> [Excerpted records]
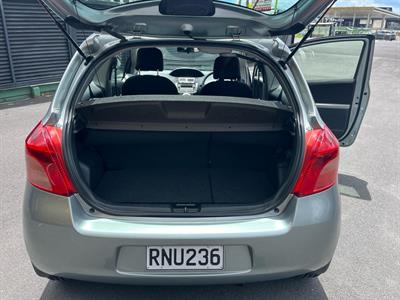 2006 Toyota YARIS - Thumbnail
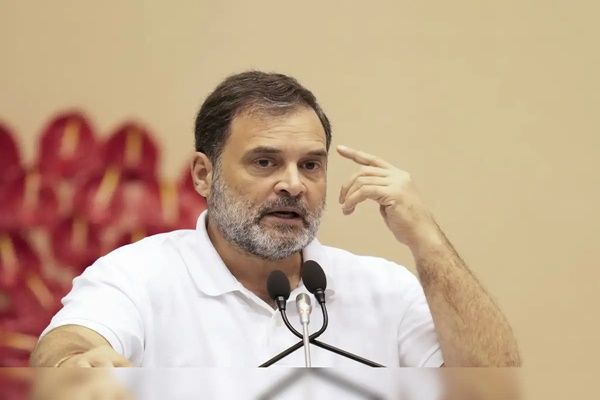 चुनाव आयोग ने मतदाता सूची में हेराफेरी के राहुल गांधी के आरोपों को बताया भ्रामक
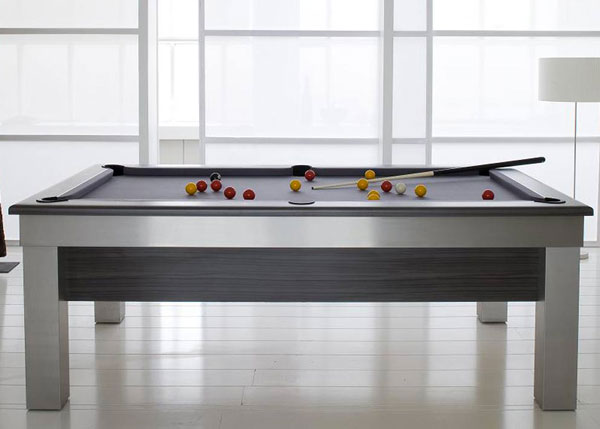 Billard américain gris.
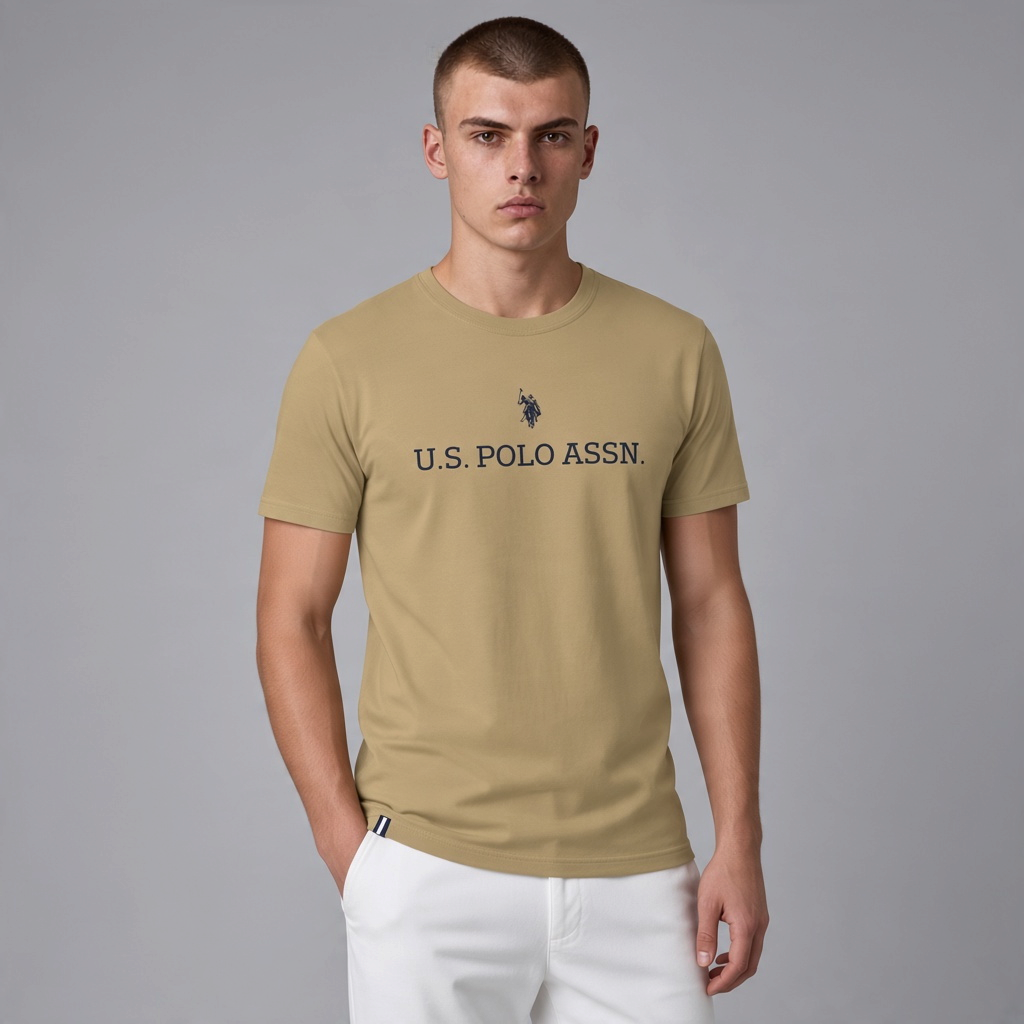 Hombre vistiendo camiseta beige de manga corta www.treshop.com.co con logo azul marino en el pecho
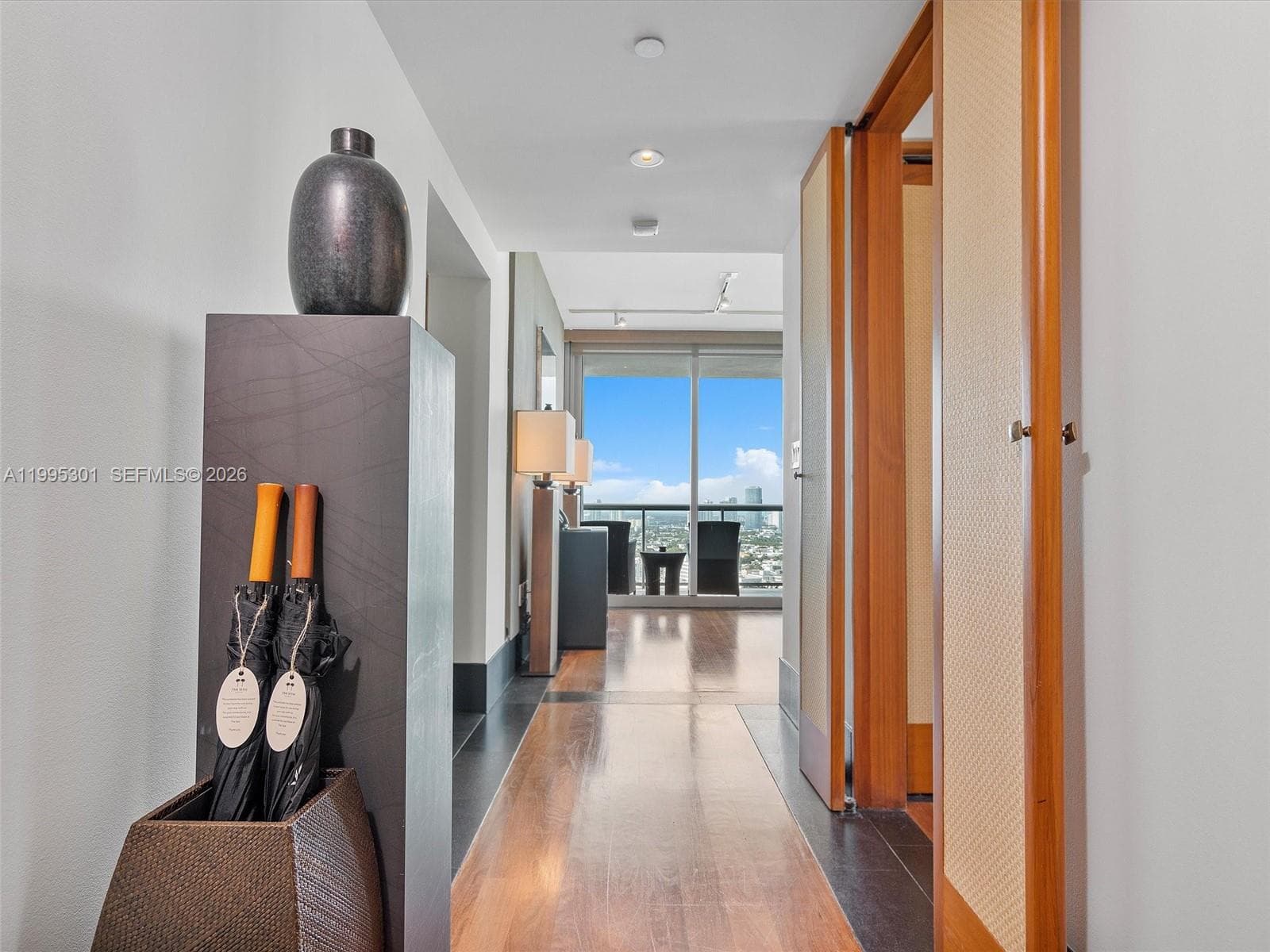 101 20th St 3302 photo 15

> [Action item] With the pictures removed, return the listing above in its exact original wording.

> [Task response]
 2006 Toyota YARIS - Thumbnail
 चुनाव आयोग ने मतदाता सूची में हेराफेरी के राहुल गांधी के आरोपों को बताया भ्रामक
 Billard américain gris.
 Hombre vistiendo camiseta beige de manga corta www.treshop.com.co con logo azul marino en el pecho
 101 20th St 3302 photo 15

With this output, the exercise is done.